Grensdetentie na grensweigering aan binnengrenzen in strijd met Schengengrenscode en Terugkeerrichtlijn

In deze zaak heeft de Rechtbank Den Haag op 21 januari 2025 uitspraak gedaan in een bestuursrechtelijke procedure tussen een eiser en de minister van Asiel en Migratie. De eiser, die een V-nummer had, had beroep ingesteld tegen de vrijheidsontnemende maatregel die aan hem was opgelegd na een weigering van toegang tot Nederland. De rechtbank heeft vastgesteld dat de toegang aan eiser was geweigerd op basis van de Schengengrenscode en de Vreemdelingenwet. Eiser had geprobeerd de grens met Duitsland over te steken, maar werd door de Duitse autoriteiten teruggestuurd naar Nederland, waar hem ook de toegang werd geweigerd. De rechtbank heeft de argumenten van eiser overwogen, waaronder de stelling dat de weigering onrechtmatig was omdat hij zich al op Nederlands grondgebied bevond. De rechtbank heeft geoordeeld dat de toegangsweigering onrechtmatig was, wat ook de daarop gebaseerde grensdetentie onrechtmatig maakte. De rechtbank heeft de beroepen van eiser gegrond verklaard, de toegangsweigering vernietigd en de vrijheidsontnemende maatregel opgeheven. Tevens is er een schadevergoeding van € 1.900,- toegekend aan eiser voor de onrechtmatige bewaring en zijn de proceskosten vergoed.

Uitspraak

RECHTBANK DEN HAAG

Bestuursrecht
zaaknummer: NL25.443

uitspraak van de enkelvoudige kamer in de zaak tussen

[eiser], V-nummer: [V-nummer], eiser

(gemachtigde: mr. C.F. Wassenaar),
en

de minister van Asiel en Migratie, verweerder.

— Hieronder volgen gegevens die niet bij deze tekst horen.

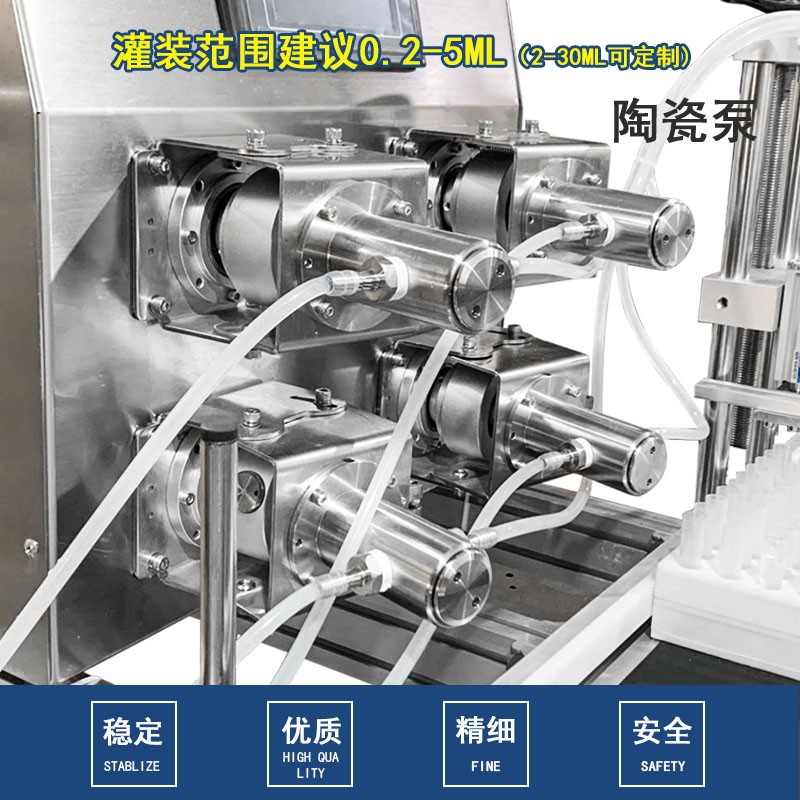 全自动4头高精密陶瓷泵液体定量灌装机图2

(gemachtigde: mr. M Smeulders).

Procesverloop

Bij besluit van 3 januari 2025 (bestreden besluit 1) is aan eiser op grond van artikel 14, gelezen in samenhang met artikel 6 van Verordening (EU) nr. 2016/399 (Schengengrenscode) de toegang geweigerd en bij besluit van diezelfde datum (bestreden besluit 2) is aan eiser op grond van artikel 6, eerste en tweede lid, van de Vreemdelingenwet 2000 (Vw) een vrijheidsontnemende maatregel opgelegd.
Eiser heeft tegen de vrijheidsontnemende maatregel beroep ingesteld. Dit beroep moet tevens worden aangemerkt als een verzoek om toekenning van schadevergoeding. Op grond van artikel 94, tweede lid, van de Vw wordt, indien aan de vreemdeling een besluit tot weigering van toegang tot Nederland is uitgereikt, het beroep geacht mede een beroep tegen dit besluit te omvatten.
De rechtbank heeft het beroep op 16 januari 2025 op zitting behandeld. Eiser is verschenen, bijgestaan door zijn gemachtigde. Als tolk is verschenen C.G.M. Lemmen. De minister heeft zich laten vertegenwoordigen door zijn gemachtigde.

Overwegingen

Over bestreden besluit 1 (toegangsweigering)
De minister heeft eiser de toegang geweigerd omdat eiser:
- niet in het bezit is van een geldig reisdocument;
- met het oog op weigering van de toegang is gesignaleerd.
De rechtbank gaat op basis van het dossier en het verhandelde ter zitting uit van de situatie dat eiser bij De Lutte vanuit Nederland probeerde de grens met Duitsland over te steken en dat hem daarbij door Duitsland de toegang is geweigerd. De Duitse autoriteiten hebben hem toen weer overgedragen aan de Nederlandse autoriteiten die hem vervolgens eveneens de toegang hebben geweigerd op grond van grond van artikel 14 in samenhang met artikel 6 van de Schengengrenscode. Deze toegangsweigering is aan de grensdetentie van artikel 6 van de Vw ten grondslag gelegd.
Namens eiser is – samengevat en zakelijk weergegeven – aangevoerd dat uit het arrest van het Hof van Justitie van de Europese Unie (HvJ EU) van 19 maart 2019 inzake Abdelaziz Arib [1] (arrest Arib) volgt dat een herinvoering van de binnengrenscontroles op grond van artikel 25a van de Schengengrenscode, niet betekent dat een vreemdeling de toegang kon worden geweigerd zoals hem bij een buitengrens de toegang zou kunnen worden geweigerd. In ieder geval kon Nederland hem niet de toegang weigeren nu al hij op Nederlands grondgebied was. Daarnaast is betoogd dat de herinvoering van de grenscontroles niet voldoet aan de voorwaarden genoemd in artikel 25a van de Schengengrenscode en daarmee onrechtmatig is.
Ten slotte heeft eiser de gronden van de maatregel betwist, heeft hij betoogd dat verweerder bij afweging van de betrokken belangen niet had mogen overgaan tot het opleggen van de maatregel en ten slotte is aangevoerd dat verweerder onvoldoende voortvarend aan de uitzetting van eiser heeft gewerkt.
De rechtbank stelt voorop dat indien de grensweigering onrechtmatig is, daarmee tevens de op deze toegangsweigering gebaseerde grensdetentie onrechtmatig is.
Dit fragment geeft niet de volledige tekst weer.